# Smoked martini ?



## coyote (May 22, 2008)

could not let beer be the only beverage of choice for smoking.

so, in a small stainless steel bowl put several ice cubes throw in yer olives even the tooth picks..set in smoker on top of cooking grid. let the smoke kiss the cubes and the heat melt them. after 30 minutes to an hour bring out and cool down in ice chest..and prepare to make a 4 cuber. into martini glass, 4 ice cubes,shot of gin.(bombay) some smoked melted ice cubes, gently move glass around to merry up the gin with the other, just get it a little dizzy.then the smoked tooth picks stick those moist green stuffed olives on them and plop them into the glass. easy to replicate. cheers..


----------



## invader q (May 22, 2008)

I love a good martini, and I love smoked food.  Not sure I can bring myself to smoke my martini though.  

I've got a bottle of Hendrick's and a bottle of Magellan.  The Magellan is really interesting.  Smooth, and during the final (4th) distilation, they use blue iris petals to tint the stuff blue.  Makes for a fun looking drink.   

Cheers


----------



## coyote (May 23, 2008)

Invader,

If I remember you are 1 in 100 for the hendricks. I have a bottle at the shack..made three 4 cubers and have never warmed up to it.if you are ever in the area, i will make you one out of it. Magellan, I will keep an eye out for it. beleive I have seen it, but not tried it.
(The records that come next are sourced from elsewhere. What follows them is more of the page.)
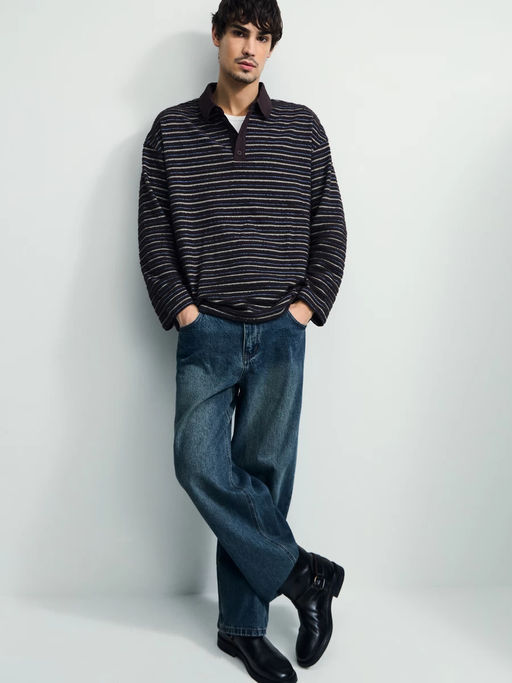 Джемпер с воротником поло в полоску / Zarina фото 5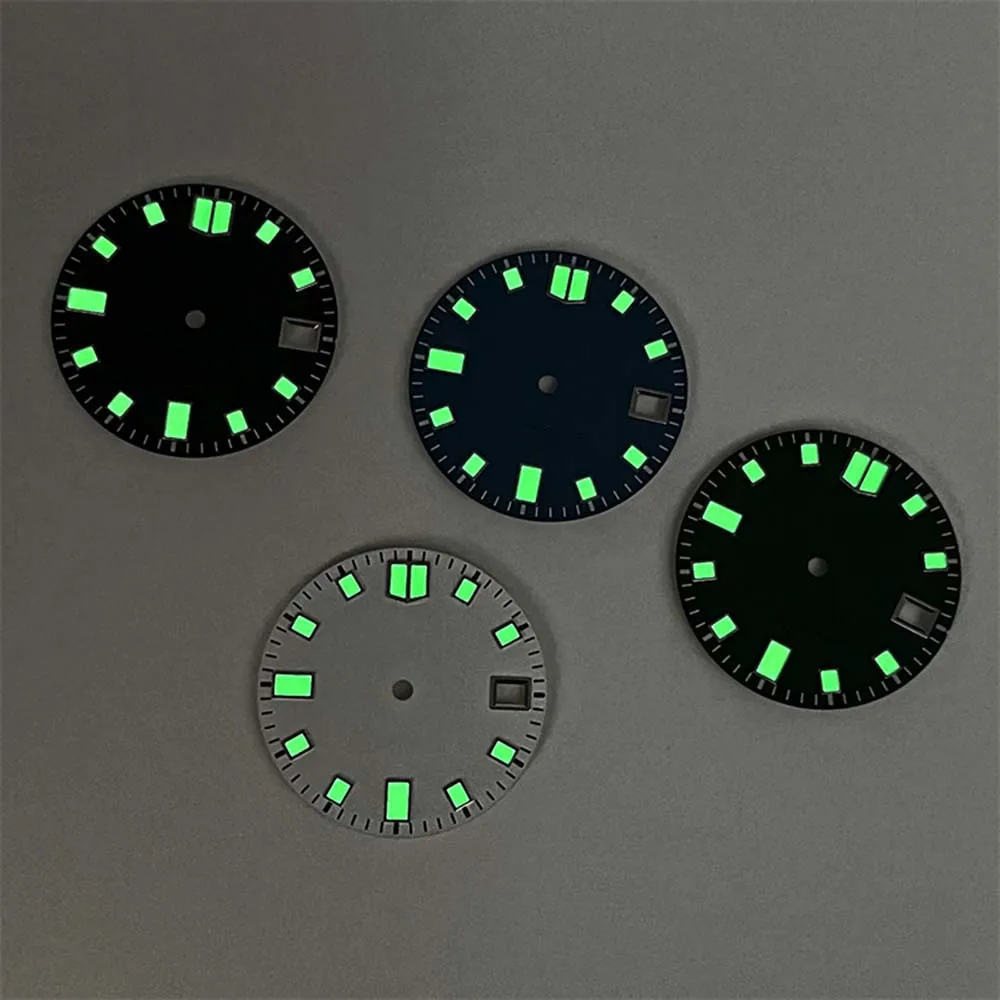 28.5mm Green Luminous Watch Dial for NH35/4R35 Movement Mechanical Watch Accessory Green/Blue/White/Black Watch Face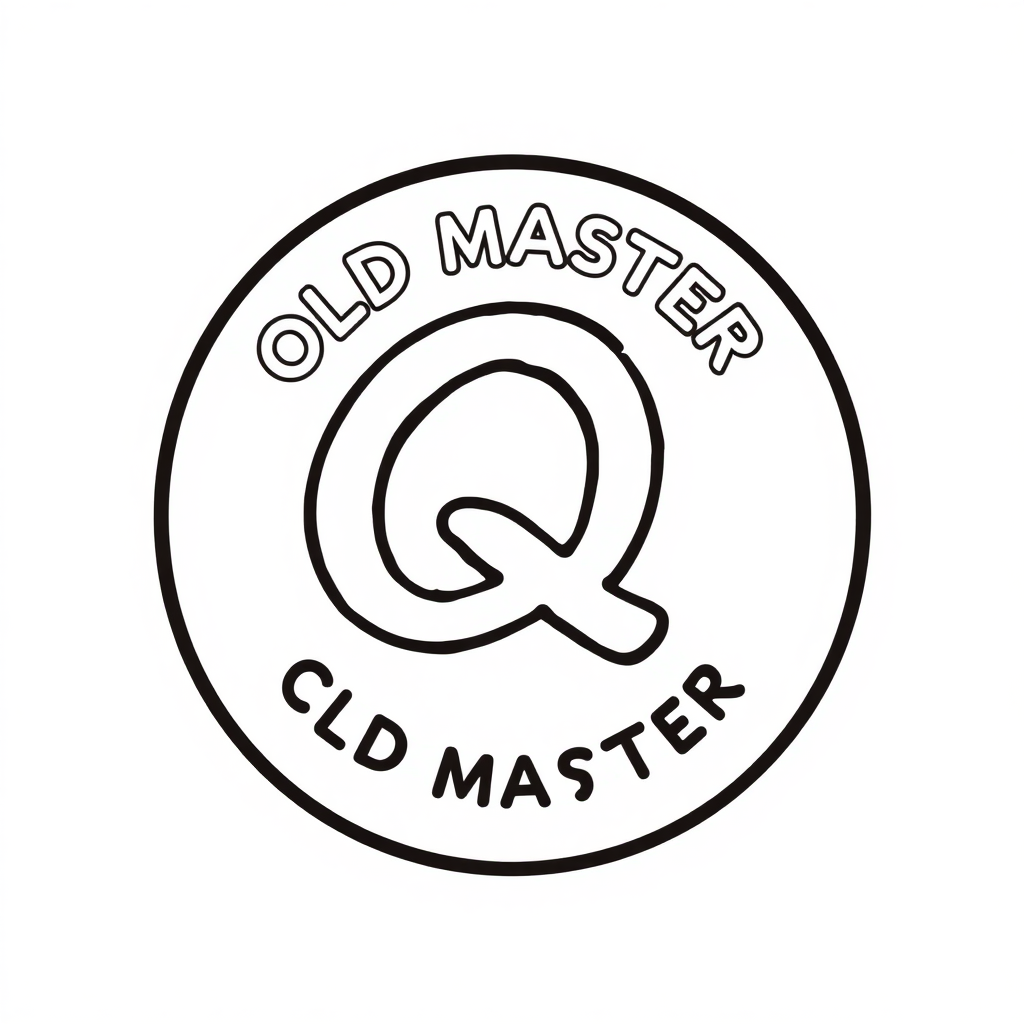 Draw the logo for Old Master Q fast food restaurant.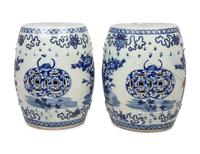 A Pair of Blue and White Porcelain Garden Stools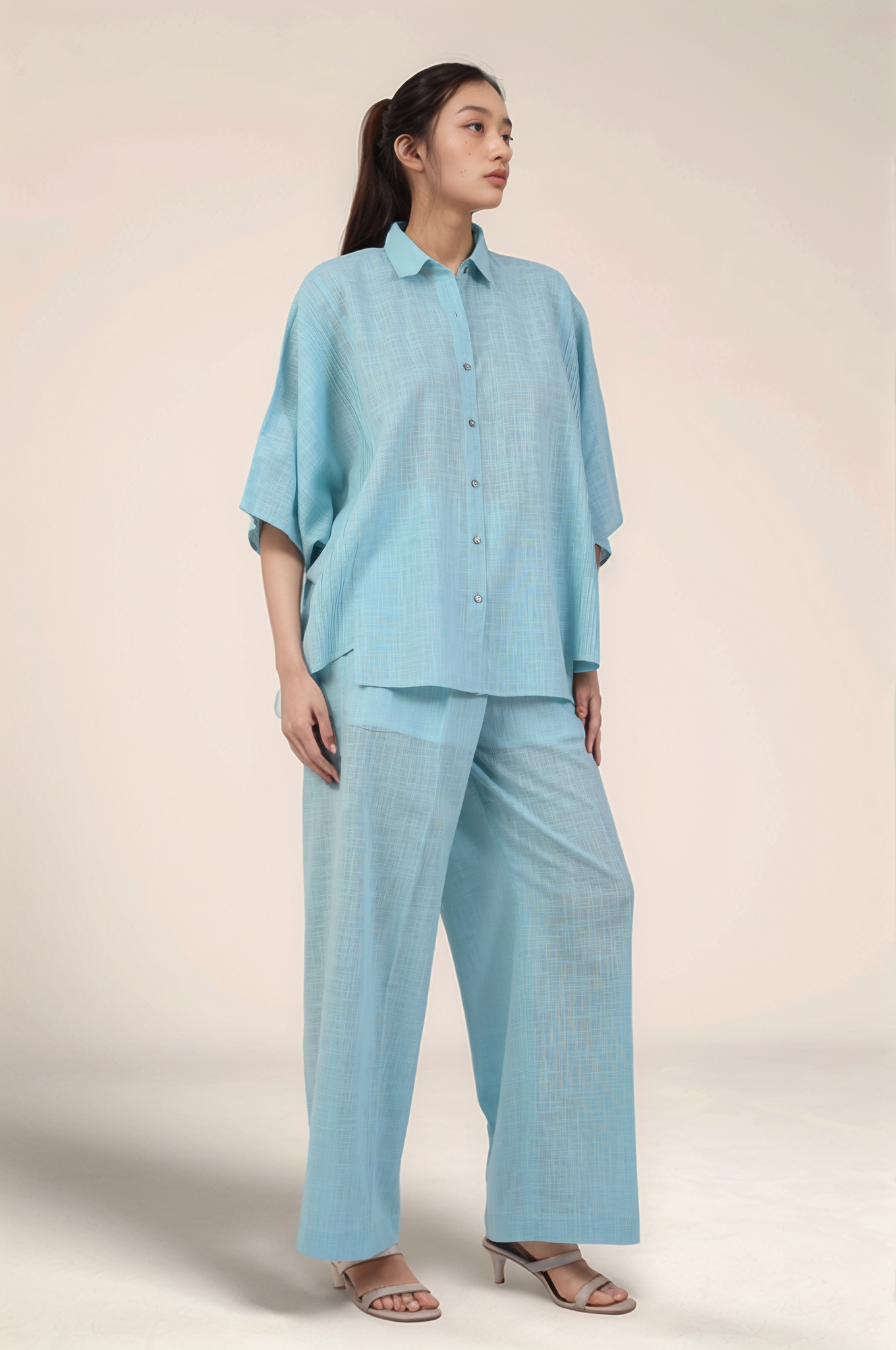 Powder Blue Cotton Loose Trouser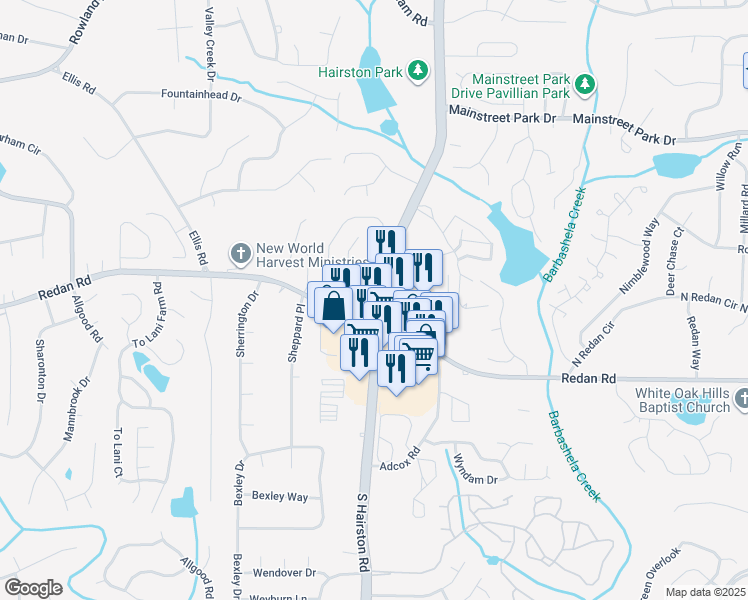 map of restaurants, bars, coffee shops, grocery stores, and more near 1147 South Hairston Road in Stone Mountain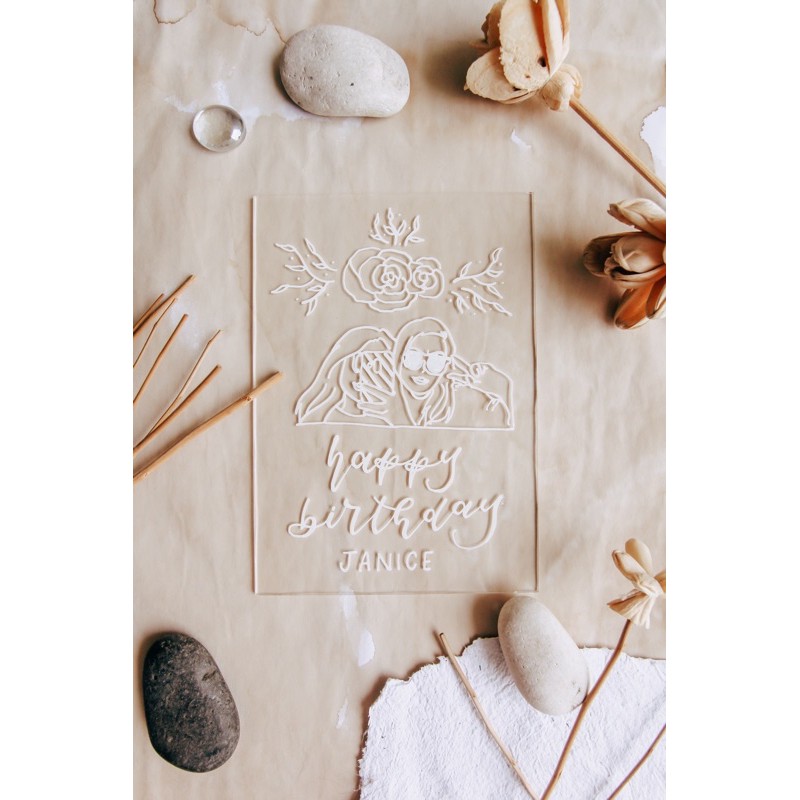 

Custom Illustration Calligraphy Acrylic Greeting Card Size A5 / Kartu Ucapan hadiah ulangtahun kado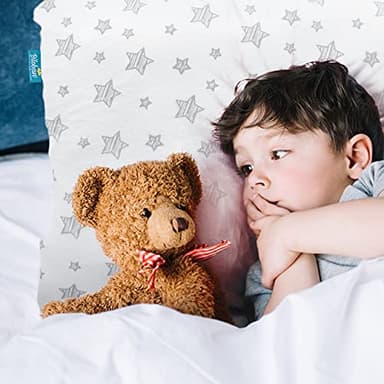 Toddler Pillow for Sleeping, Kid Pillows 14" x 19" for Small Travel Bed, Nap Pillow, Soft & Skin-Friendly Small Pillows for Sleeping, Toddler Use Only, Age 2 to 5 (Grey Star) - Image 4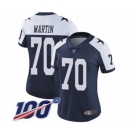 Women's Dallas Cowboys #70 Zack Martin Navy Blue Throwback Alternate Vapor Untouchable Limited Player 100th Season Football Jersey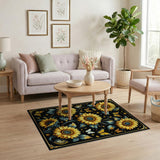 Vibrant Sunflower Butterfly Black Area Rug
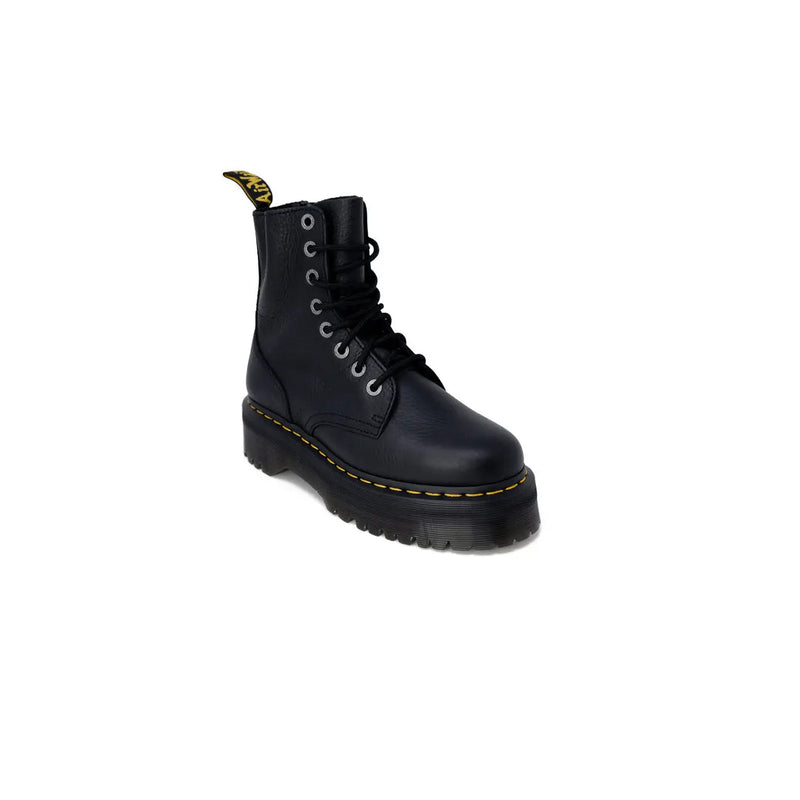 Dr martens women black leather boots with black laces shown from the back in size 4
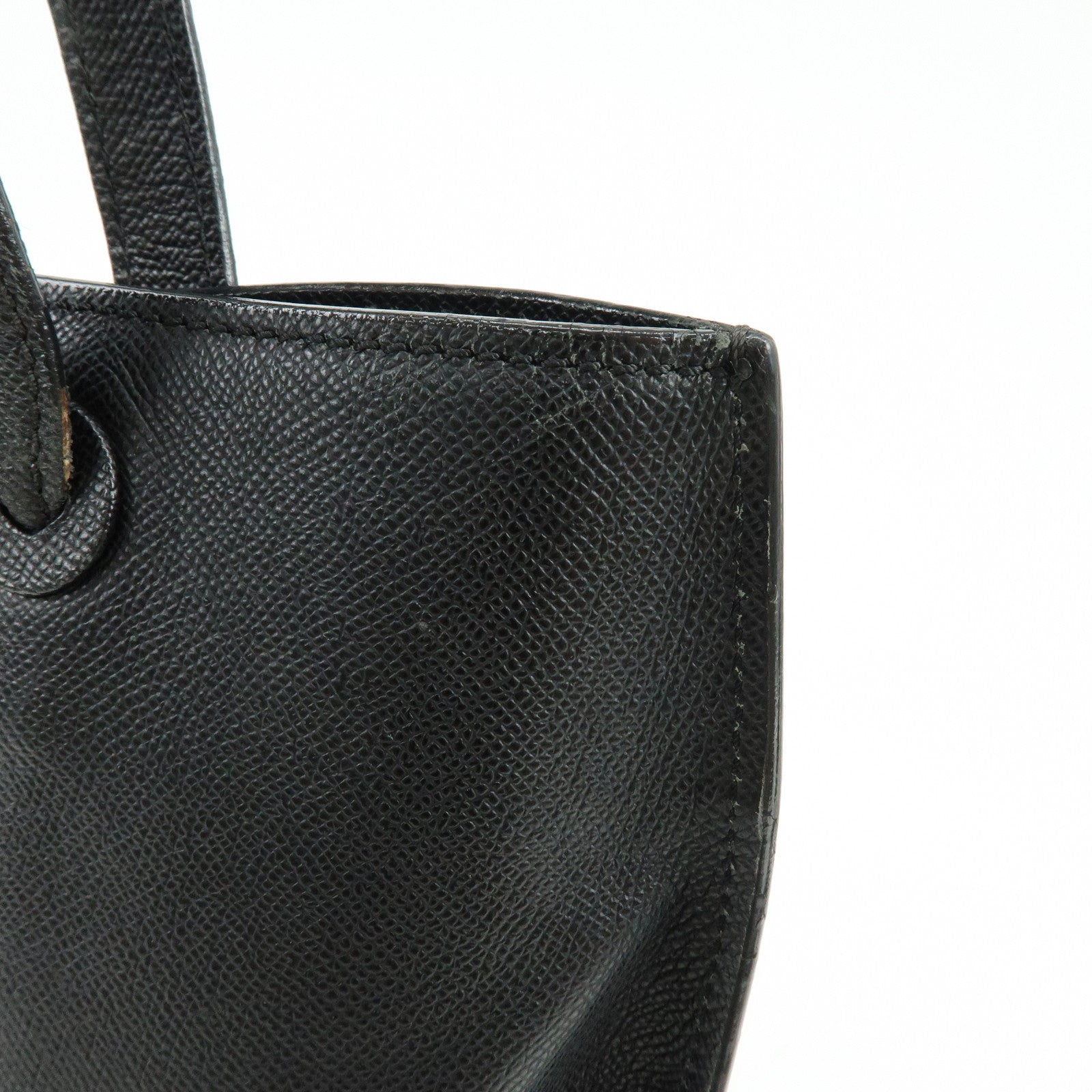 CHANEL Calf Skin Tote Bag Shoulder Bag Black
Citadel is great also. 
smoked juniper is great..cheers


----------



## coyote (May 29, 2008)

I stand corrected on the 1 in a 100..it is 1 in a 1000 for enjoying the taste of hendricks. made out of cucumbers..I was rooting around in the adult beverage section of the shack last night and found the ole hendricks bottle. updated myself on her..


----------